0
bir yerde okumuştum, bi inanışa göre balıkçılar denizden döndüğünde, tutulan balığın yanında, uğur getirsin diye sünger çıkartırlarmış denizden. bu süngeri yaktıklarında çıkan kokuyla bir sonraki sefer balıkların baha bol olcağına inanırlarmış. zamanla bu gelenek çıkarılan süngeri yakmaya, hatta ucuna tütün koyup içmeye kadar varmış.

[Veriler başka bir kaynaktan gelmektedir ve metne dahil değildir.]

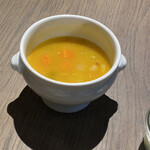 RACINES Boulangerie & Bistro - 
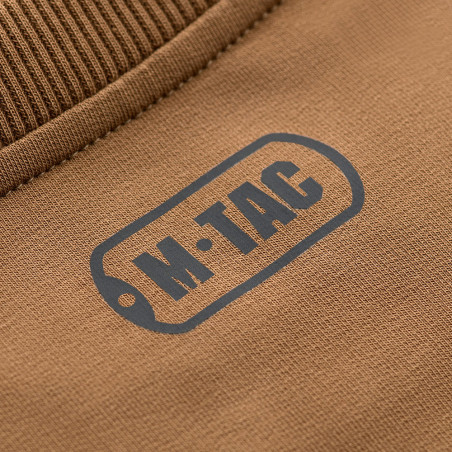 M-Tac sweter 4 Seasons 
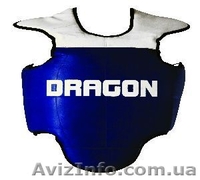 www.prosport.sells.com.ua - <ro>Изображение</ro><ru>Изображение</ru> #1, <ru>Объявление</ru> #82681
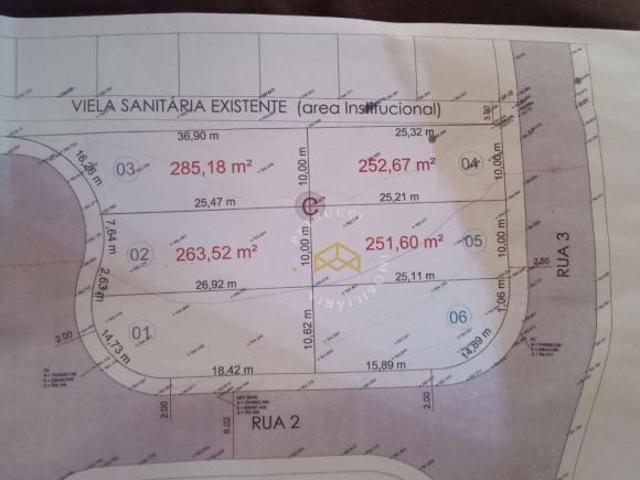 Terreno venda em Região Imediata de Campinas, Região Metropolitana de Campinas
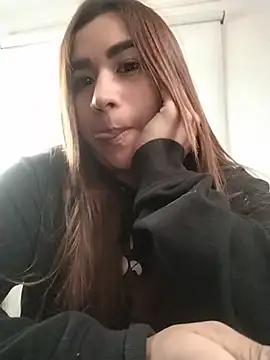 Cattabigass - Spanks hard red ass mm🌻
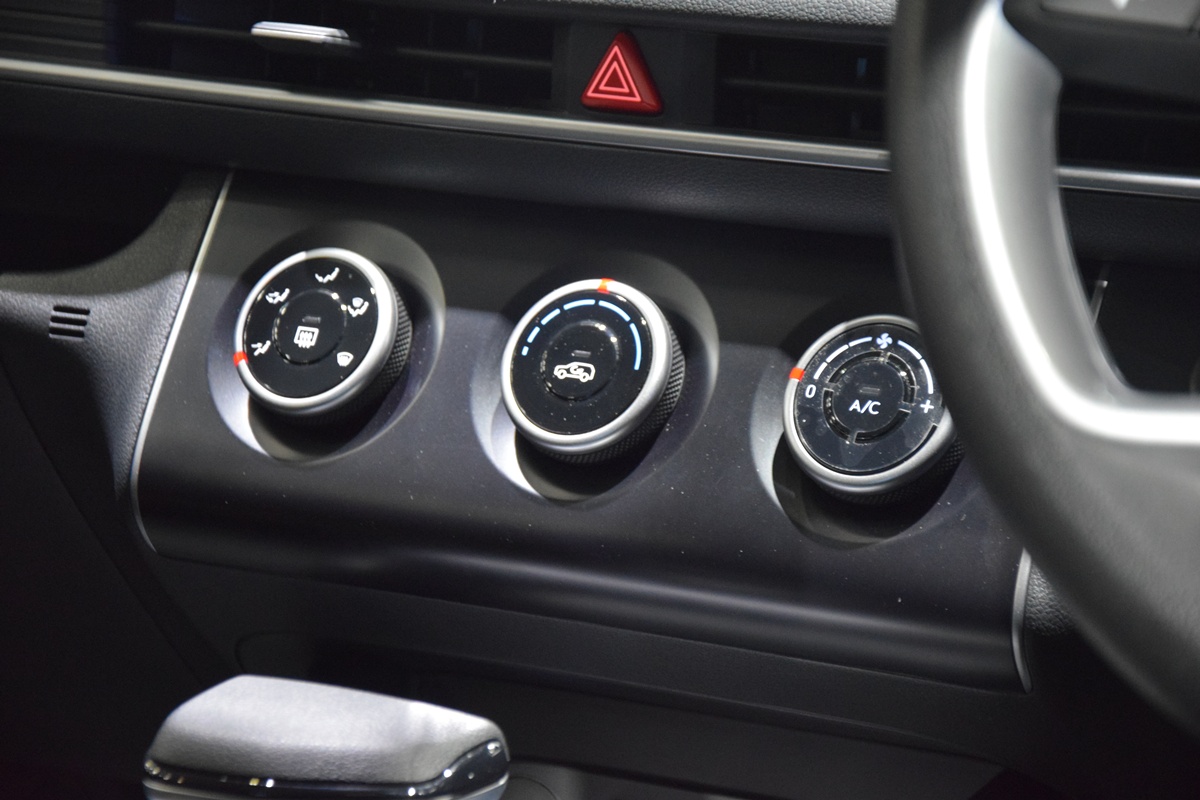 Hyundai Stargazer 2026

okuduğumda çok garip gelmişti. sigaranın ucundaki süngerin balıkçılara getirdiği gibi bana da uğur getirmeye inanmaya başladım zamanla. sigara içmeme rağmen izmaritin o pis kokusundan hep nefret etmişimdir. içtiğim sigaraların izmaritini biriktirip kokladım bir gün. içime içime çektim o kokuyu, nefret ettiğim o kokuyu bir merakla öyle kokladım işte. sonrasında mutlu olacağım inancı ile heyecan karışımı bir duygu kapladı içimi. devam ettim koklamaya. acayip alışmıştım o kokuya. kokladığım her bir izmarit beni benden alıyordu artık. karnımda karıncalar geziyor, kelebekler uçuşuyordu. aklıma balıkçıların hikayesi geliyor ve bir şeyler olacağına inanıyordum, iyi bir şeyler.
bi gün yine içime çeke çeke kokladıktan sonra daha fazlasını istedim. sadece koklamak artık yetmiyordu. attım ağzıma bi tane tadını çıkara çıkara, büyük bir hazla çiğnedim. mutluluktu benim için o koku. belki de içimdeki umudun tadıydı. o ilk izmariti yediğim andan itibaren hayatımda değişimler başladı. başından beri biliyordum, iyi bir şeyler olacaktı. ancak o gün oynadığım sayısal loto da 6 bilip büyük ikramiyenin bana çıkacağı kimin aklına gelirdi ki ? hayal ettiğimden bile fazlası oldu. izmaritler olmasaydı bu olmazdı, olamazdı. balıkçıların efsanesi gerçek oldu..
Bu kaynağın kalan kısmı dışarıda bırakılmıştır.